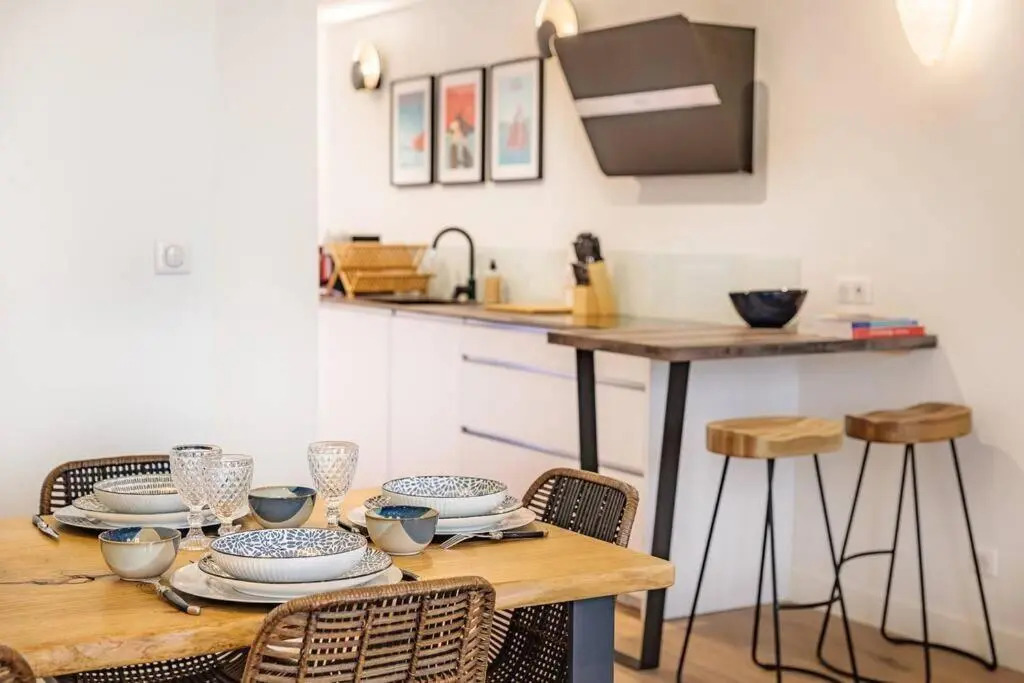 Appartement 5*, Climatisé, avec Terrasse au quartier Le Panier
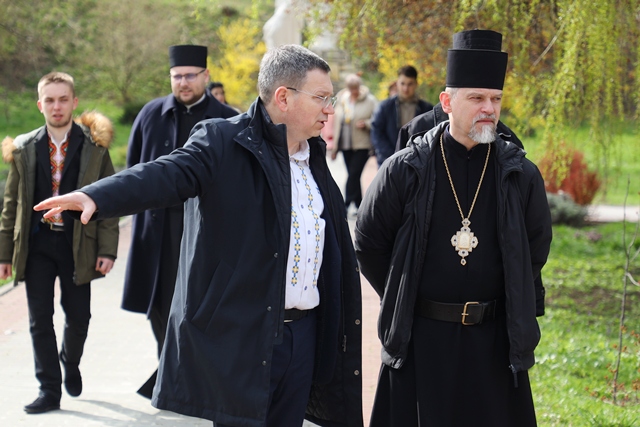 Ректор Богдан Буяк та митрополит о. Теодор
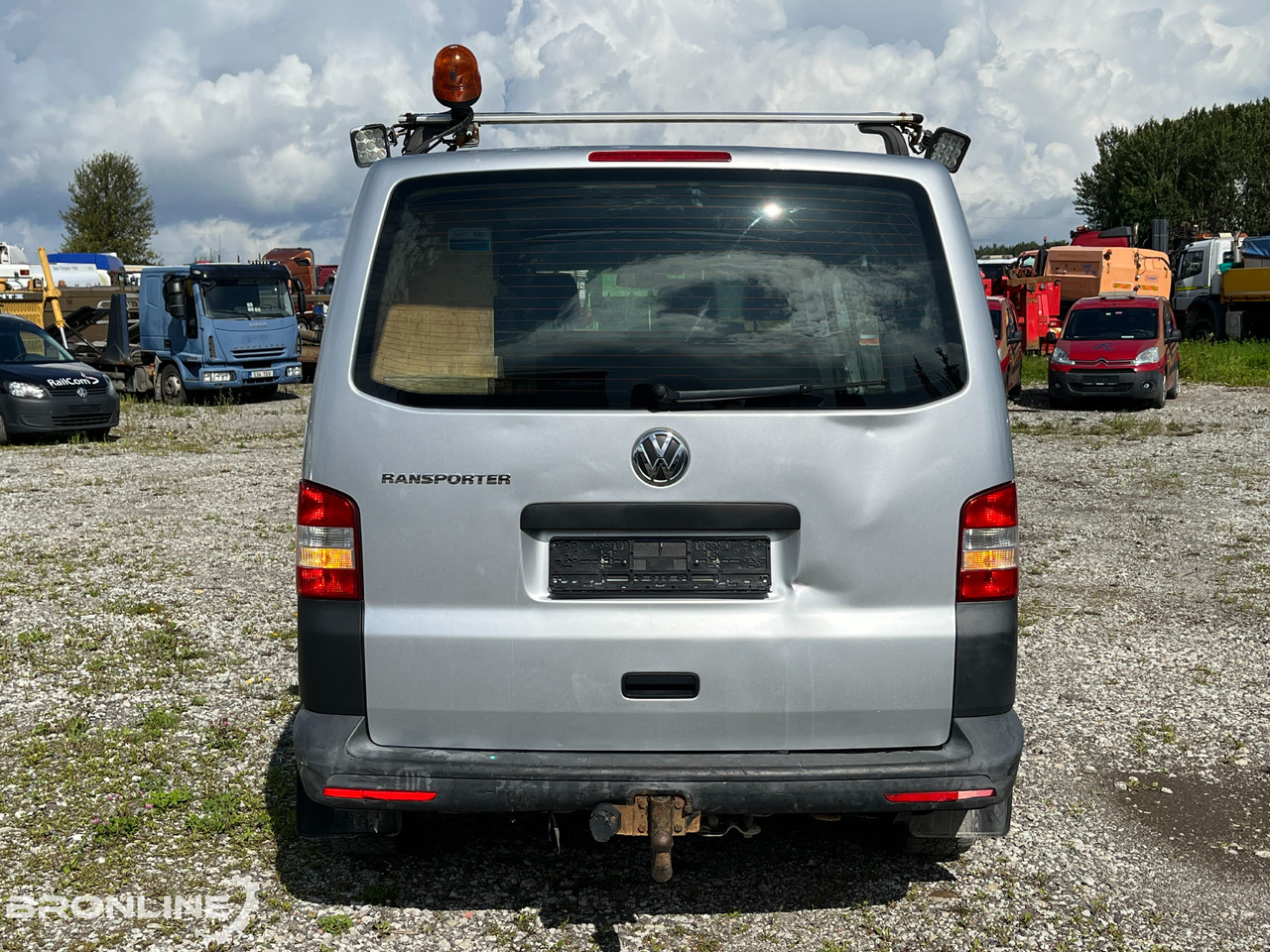2015 Volkswagen Transporter 4X4 N1 - Xe van nhỏ gọn: hình 4 2015 Volkswagen Transporter 4X4 N1 - Xe van nhỏ gọn: hình 4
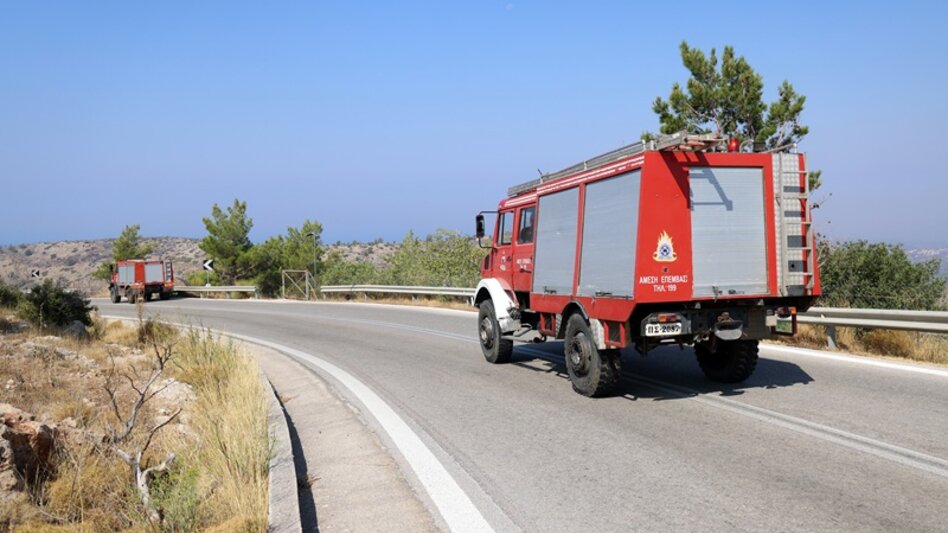 Φωτιά στη Φοινικιά, μεγάλη κινητοποίηση από την Πυροσβεστική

• _TASK OBJECTIVE_:
The lines from the one containing "Ректор Богдан Буяк та митрополит о. Теодор" through the last line of the data above are to be transcribed exactly, both included, with all pictures left out.

• _SOLVED EXERCISE_:
 Ректор Богдан Буяк та митрополит о. Теодор
2015 Volkswagen Transporter 4X4 N1 - Xe van nhỏ gọn: hình 4 2015 Volkswagen Transporter 4X4 N1 - Xe van nhỏ gọn: hình 4
 Φωτιά στη Φοινικιά, μεγάλη κινητοποίηση από την Πυροσβεστική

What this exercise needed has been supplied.